• _EXERCISE GOAL_
Make an exact copy of the lines from the one containing "That's all for" through the end of the records below, and leave out every picture.

(Source records)

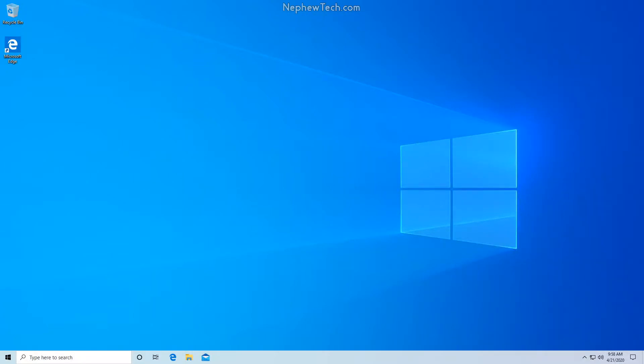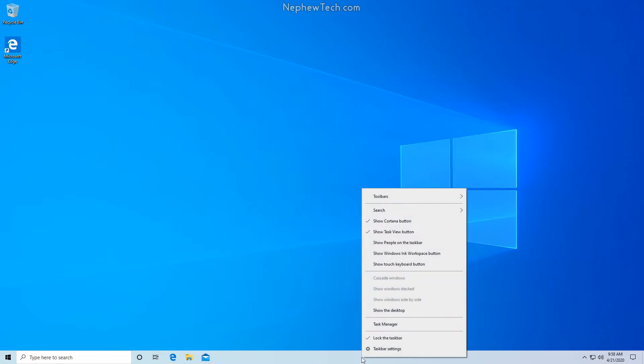In this video I'm going to show you how to disable programs from Windows 10 startup. First we're going to right-click on our taskbar at the bottom of the screen and find Task Manager.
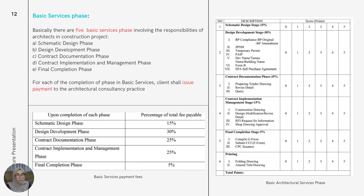There are five basic service phases involving the responsibilities of an architect in a construction project. The first phase is the schematic design phase, followed by the design development phase, contract document phase, contract implementation and management phase, and the final completion phase. For each completed phase, the client shall issue payment to the architectural consultancy practice according to the scale of fees shown in the table.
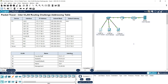That's all for this Packet Tracer activity on the inter-VLAN routing challenge. If you have any doubts, you can contact us. If you wish to get any technical support, you can contact us anytime — all the details are given in the description below. Thank you.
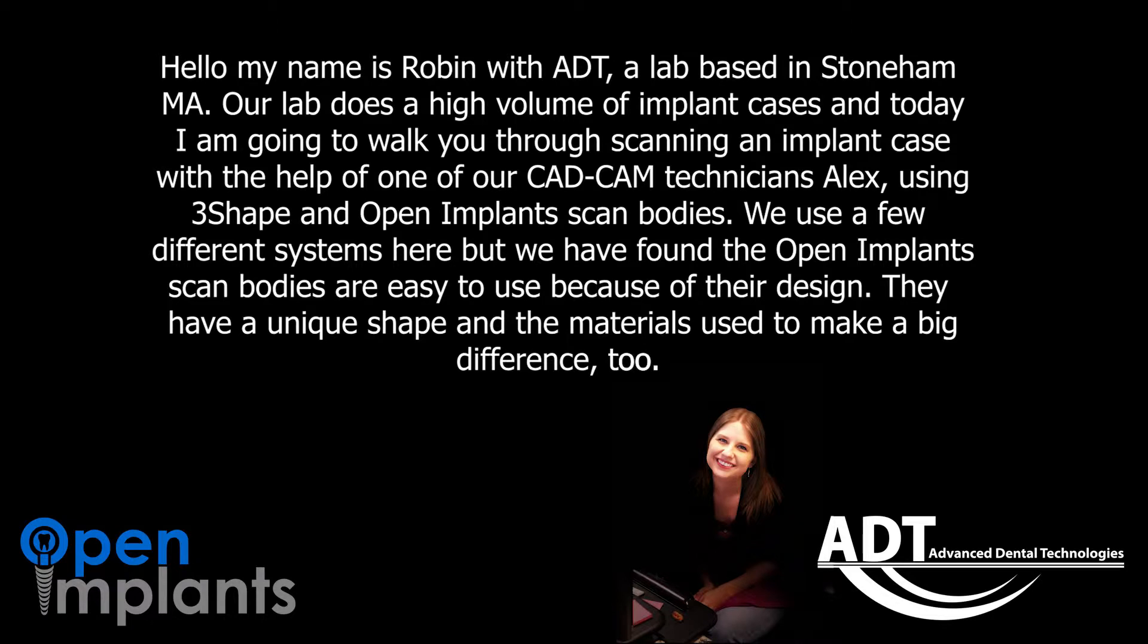Our lab does a high volume of implant cases and today I'm going to walk you through scanning an implant case with the help of one of our CAD-CAM technicians, Alex, using 3Shape and Open Implant scan bodies.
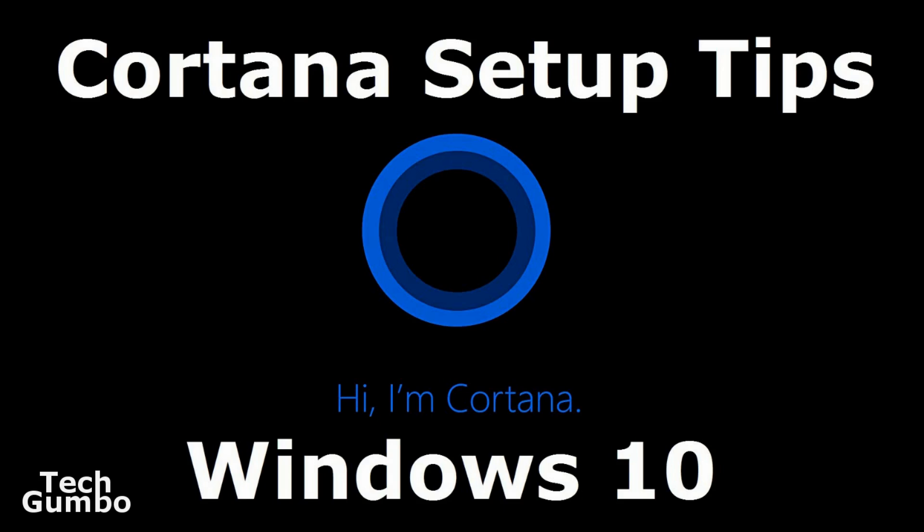Today I'm going to show you some tips for setting up Cortana in Windows 10. In a separate video, I'll show you several of the commands that you can use with Cortana. Let's get started.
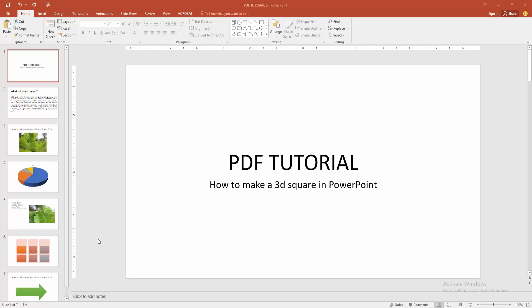At first you have to open a PowerPoint presentation. Now you want to make a 3D square, at first go to the home menu.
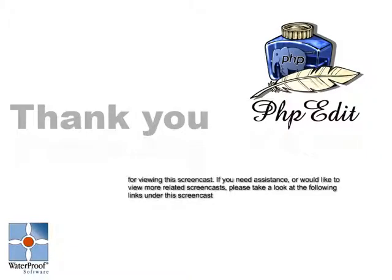Thank you for taking your time to view this screencast. If you need assistance or you would like to view more related screencasts, please visit one of the following links.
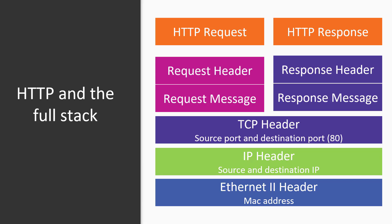The full stack of the HTTP communication is depicted here on the screen. We have the HTTP request from the client and the HTTP response from the server. The HTTP request is comprised of the request header and the request message on top of the TCP header, IP header, and the Ethernet header.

• _ANSWER BELOW_
That's all for this Packet Tracer activity on the inter-VLAN routing challenge. If you have any doubts, you can contact us. If you wish to get any technical support, you can contact us anytime — all the details are given in the description below. Thank you.
Our lab does a high volume of implant cases and today I'm going to walk you through scanning an implant case with the help of one of our CAD-CAM technicians, Alex, using 3Shape and Open Implant scan bodies.
Today I'm going to show you some tips for setting up Cortana in Windows 10. In a separate video, I'll show you several of the commands that you can use with Cortana. Let's get started.
At first you have to open a PowerPoint presentation. Now you want to make a 3D square, at first go to the home menu.
Thank you for taking your time to view this screencast. If you need assistance or you would like to view more related screencasts, please visit one of the following links.
The full stack of the HTTP communication is depicted here on the screen. We have the HTTP request from the client and the HTTP response from the server. The HTTP request is comprised of the request header and the request message on top of the TCP header, IP header, and the Ethernet header.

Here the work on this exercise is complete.